Para quem acredita nessa frase, os autistas seriam sempre extraordinariamente inteligentes, superdotados, candidatos a novos Einsteins. O autismo nos seria uma vantagem por nos proporcionar essa falsamente generalizada superinteligência, e não nos traria grandes dificuldades de viver em meio a uma maioria de neurotípicos.

Diante desse estereótipo positivo, tão nocivo quanto os negativos, preciso esclarecer: se por um lado existem de fato muitos autistas muito inteligentes e geniais, por outro essas mesmas pessoas sofrem com todos os já mencionados problemas decorrentes de ser autista numa sociedade capacitista dominada pelos valores sociais neurotípicos.

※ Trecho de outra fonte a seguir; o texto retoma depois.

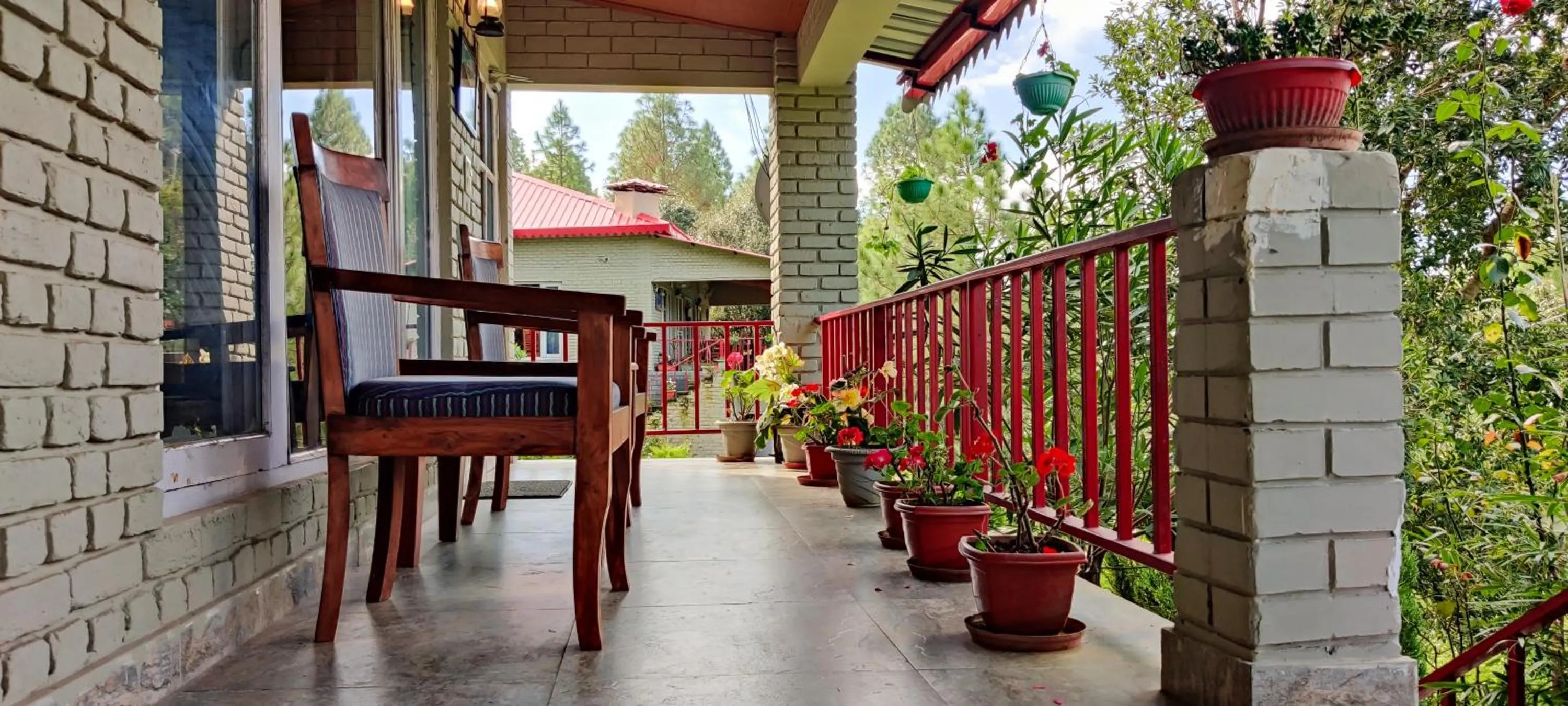 Seating area in Majkhali Woods, Ranikhet, By Himalayan Eco Lodges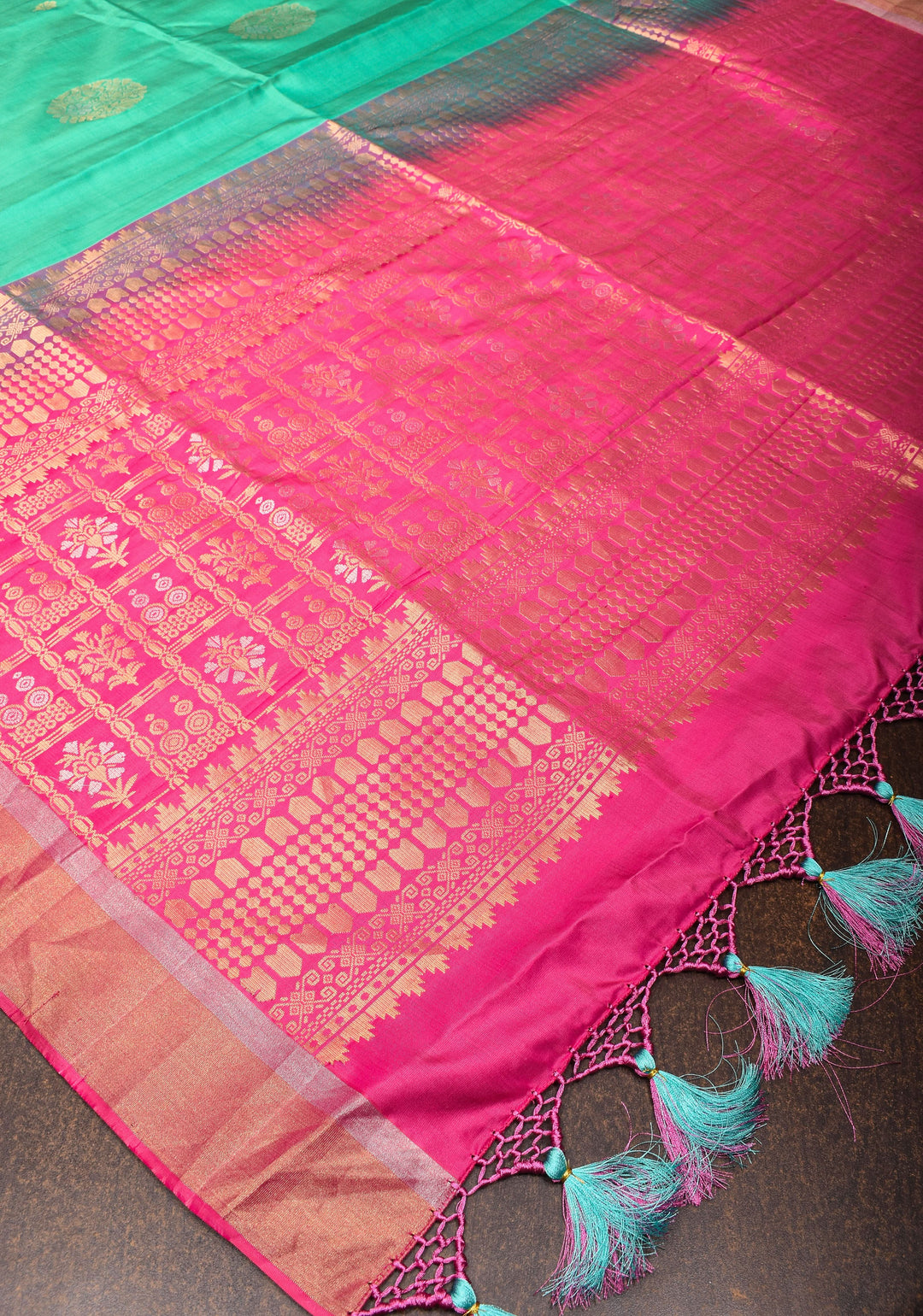 Exquisite Sea Green Kanjivaram Soft Silk Saree with Pink Pallu and Tissue Zari Border| SILK MARK CERTIFIED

Até poderíamos viver sendo pessoas simplesmente dotadas de habilidades diferentes se os neurotípicos não nos tratassem com tanto preconceito e exclusão e não nos impusessem tantas barreiras sensoriais e impedimentos nas instituições de ensino e no mercado de trabalho.

Ser autista “leve” numa sociedade assim, ao contrário do que a frase deixa a entender, não é nenhuma maravilha - ou pior, em muitas situações pode ser até infernal.

Usar essa frase é confundir deficiência com doença

Acredito que a pessoa que idealizou tal frase queria dizer que autismo não é uma doença, nem um fardo, nem um fator de inferioridade. 

Se foi isso mesmo, apesar da intenção bonita, ela cometeu um grave erro ao associar deficiência com inferioridade e patologia e, assim, passar uma imagem errada e preconceituosa tanto do autismo quanto das deficiências humanas em geral.

Provavelmente ela acreditou que, para convencer as pessoas de que autismo não é doença, teria que negar também sua condição de deficiência. Isso foi uma péssima ideia, conforme este artigo revelou.

Conclusão

Por todos esses motivos, nós autistas consideramos falsa, preconceituosa, discriminatória e, portanto, seriamente prejudicial a mensagem de que "autismo não é uma deficiência, mas sim uma habilidade diferente".

Autismo é, ao mesmo tempo, uma deficiência e uma habilidade diferente. E as barreiras capacitistas, sensoriais, anti-inclusivas etc. impostas pela sociedade acabam nos inibindo de dar o melhor dessa nossa habilidade diferente e, assim, convertendo-a em uma limitação ou baixa capacidade.

Quando dizem que o autismo "não é deficiência", apagam todas as dificuldades, as negações ou limitações de acessibilidade, o capacitismo, a exclusão social e empregatícia e os traumas que sofremos por sermos quem somos, além de negarem a existência de uma parcela enorme da população autista.

Então, peço a você: evite promover essa mensagem tão equivocada. Não compactue com desinformação capacitista que patologiza as deficiências humanas, invisibiliza nossas atribulações e nega nossa necessidade de acessibilidade, inclusão e políticas afirmativas. Se você já usou essa imagem, por favor, nunca mais use-a novamente, pelo bem dos autistas.